There's a scene near the end of The Monument, Colleen Wagner's searing 1995 drama about wartime atrocities, when a young soldier is forced to remember in detail the 23 women he has raped and murdered. "I killed a girl named Mini. Fifteen. She had a sun-burned face," he recalls. "A girl named Sara. She wore glasses. She was short and chubby… Eva. She was a swimmer in training for the Olympics.…"
The list goes on and, as it does, the anonymous, half-rotten corpses in a mass grave begin to take on names and, however rudimentary, identities. It's an act of resurrection and reclamation that lies at the heart of Wagner's Governor-General's Award-winning play. And it becomes the resonant centrepiece of the touring production by Rwanda's ISÔKO Theatre, which closes Harbourfront Centre's World Stage season.
As the soldier, Stetko (Jean Paul Uwayezu), recollects his victims, he draws their personal effects from amid the exhumed bodies – a bracelet, some pimple cream, a crucifix, a bra. Each item is snatched away in turn by a pair of female phantoms (Solange Liza Umuhire and Ruth Nirere) clad in dresses the colour of dried blood. We're in Rwanda in the aftermath of the 1994 genocide. But we're also in Bosnia, the original setting of Wagner's play, and these personal items – the most poignant touch in director Jennifer H. Capraru's stark staging – may also remind you of the ones that were raked from the ashes of the Nazi ovens.
Wagner's play begins with suggestions of a revenge fantasy. Stetko, about to be executed for his war crimes, is offered a reprieve by a mysterious older woman named Mejra (Jaqueline Umubyeyi). The catch is that he must obey her for the rest of his life.
After slicing off one of his ears and nearly beating him to a pulp, Mejra turns Stetko into her slave and torments him with mind games concerning the fate of his virgin girlfriend. But it turns out she desires something more than vengeance – it's that famous casualty of wartime, the truth.

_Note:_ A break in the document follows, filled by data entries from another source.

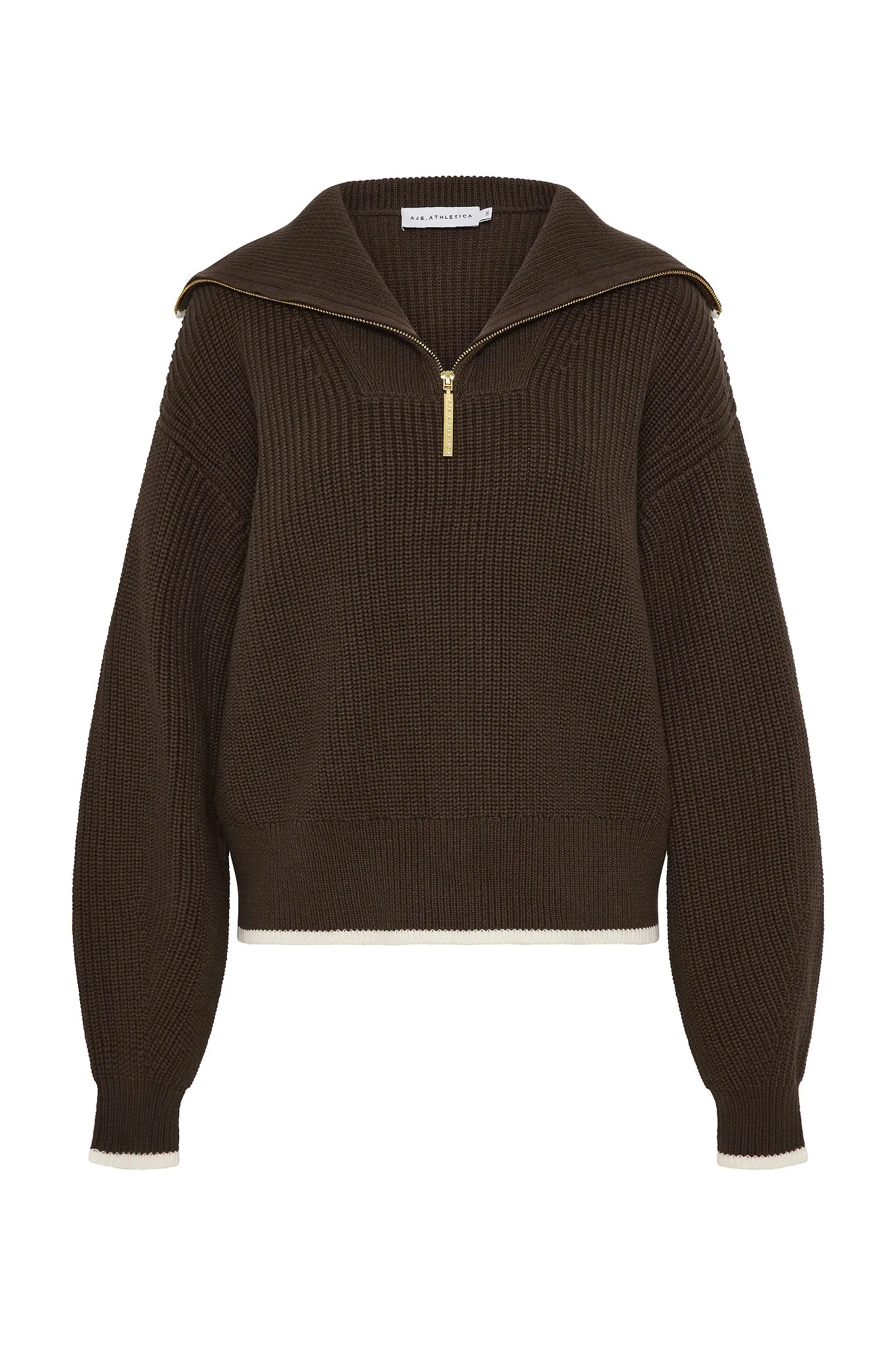 1/4 Zip Ribbed Knit Jumper 431 sold by Aje product image thumbnail 2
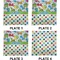 Dinosaur Print & Dots Set of Square Dinner Plates (Approval)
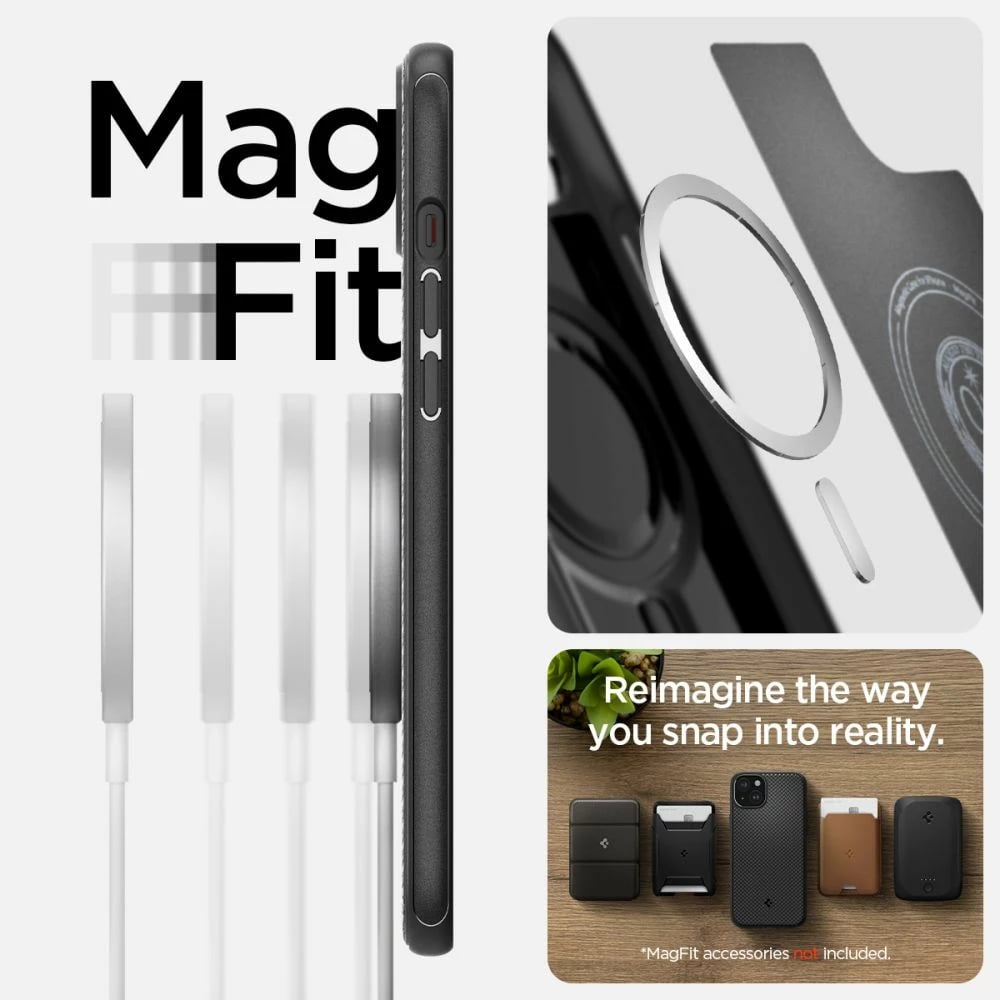 Mbështjellës Spigen Mag Armor MagSafe për iPhone 15, e zezë mat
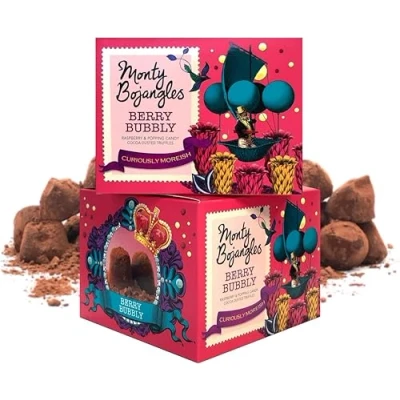 Image of Monty Bojangles Berry Bubbly 2 Gift Boxes Choose from 10 Flavours Cocoa Dusted Truffles, x150g (Gift Pack 300g)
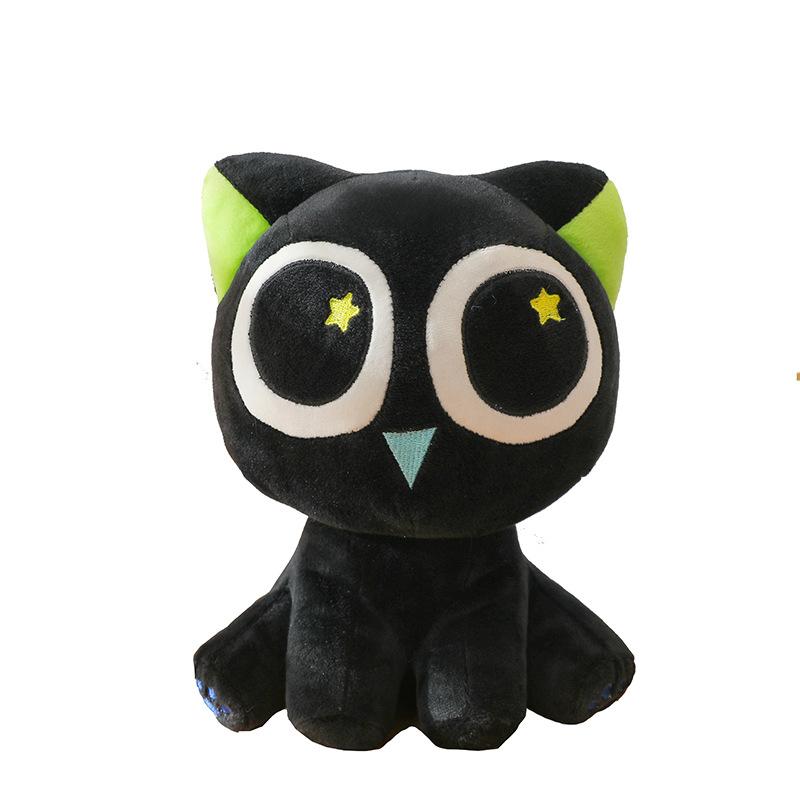 Black Cat Plush Toy Luo Xiaohei Doll Cute Big-Eyed Cat Bed Throw Pillow Children'S Soothing Toy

Leaving aside the characters' east European names, it would be easy to believe The Monument was originally written about the systematic rape that occurred during the Rwandan genocide, with Stetko as a Hutu fighter and his victims as minority Tutsi. The play's truth-and-reconciliation theme also jibes with Rwanda's postwar policies. Capraru, a Canadian, obviously recognized these parallels when she founded ISÔKO a few years ago in Kigali. Her production originated there and has toured Rwanda prior to its North American debut at World Stage.
The dialogue – performed in Kinyarwanda, with English surtitles – stays faithful to Wagner's text, but the trappings are entirely East African. The show, in Harbourfront's flexible Brigantine Room, is presented as intimately as a village storytelling, with the audience seated in a circle around the candlelit playing space. The Rwandan cast members are musicians as well, and there is a cappella singing and drumming during scene transitions. The drums also furnish the few sound effects – Stetko's beating, a gunshot – while Sandra Marcroft's subtle lighting does most of the scene-setting.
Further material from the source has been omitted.